Kur'an-ı Kerim ve Türkçe Meali Sayfa 564
27. Derken vakti gelip de onu yakından gördüklerinde o inkar edenlerin yüzleri kötüleşti ve: «İşte o sizin kendinize davet edip durduğunuz budur!» denildi.
28. De ki: «Gördünüz mü, Allah beni ve beraberimdekileri yok etse ya da bize merhamet buyursa, iki takdirde de kafirleri elem verici azaptan kurtaracak kimdir?»
29. De ki: «O, öyle Rahman'dır, işte biz O'na iman ettik ve O'na dayanmaktayız. İleride sizler de kimin açık bir sapıklık içinde bulunduğunu bileceksiniz!»

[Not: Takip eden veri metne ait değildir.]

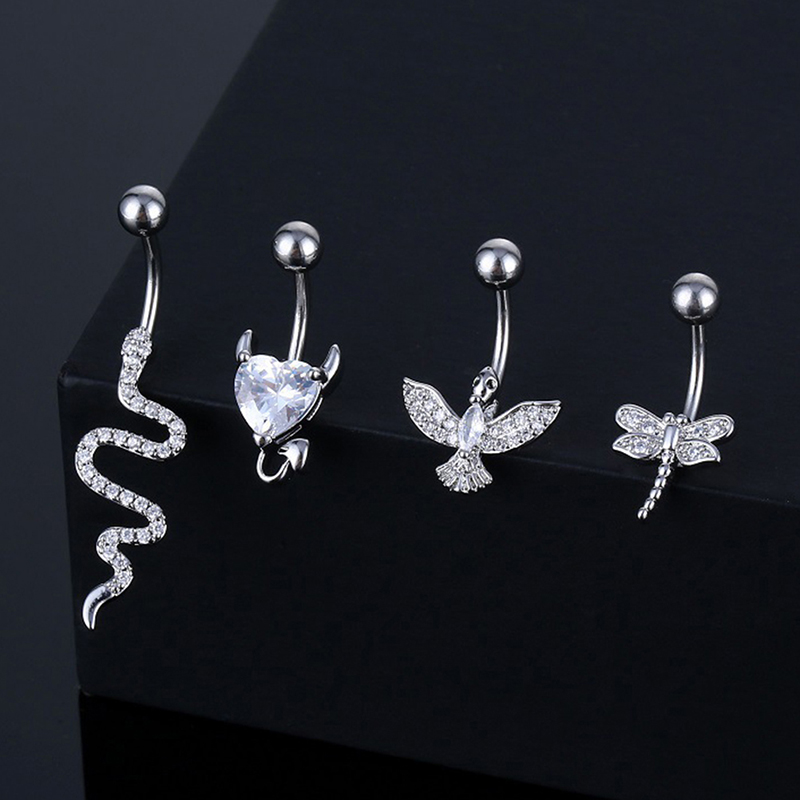 Crystal Belly Button Ring Anim - Body Jewelry Hoops incelemesi ve fiyatı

30. De ki: «Gördünüz mü, eğer sabaha kadar suyunuz batakalırsa (çekilecek olsa), size kim bir akarsu getirebilir?
1. Nun, Kaleme ve kalem ehlinin satıra dizdiklerine ve dizecekleri hakkı için,
2. sen Rabbinin nimeti sayesinde, deli değilsin.
3. Ve muhakkak senin için tükenmez bir mükafat var.
4. Ve herhalde sen, pek büyük bir ahlak üzerindesin.
5. Yakında göreceksin ve görecekler,
6. O fitne, o delilik hanginizdeymiş.
7. Şüphesiz Rabbindir, yolundan sapanı en iyi bilen, yine O'dur doğru yola erenleri en iyi bilen.
8. O halde tanıma o yalan diyenleri!
9. Arzu ettiler ki, sen (onları) yağlasan onlar da sana yağ yapacaklardı.
10. Tanıma şunların hiç birini; çok yemin eden o aşağılık,
11. gammaz, koğuculukla gezer,
12. hayrı engelleyen, saldırgan, vebal yüklü,
13. zobu (kaba), sonra da takma (soysuzlukla damgalı),
14. mal ve oğulları var diye.
15. Karşısında ayetlerimiz okunurken: «Eskilerin masalları.» dedi.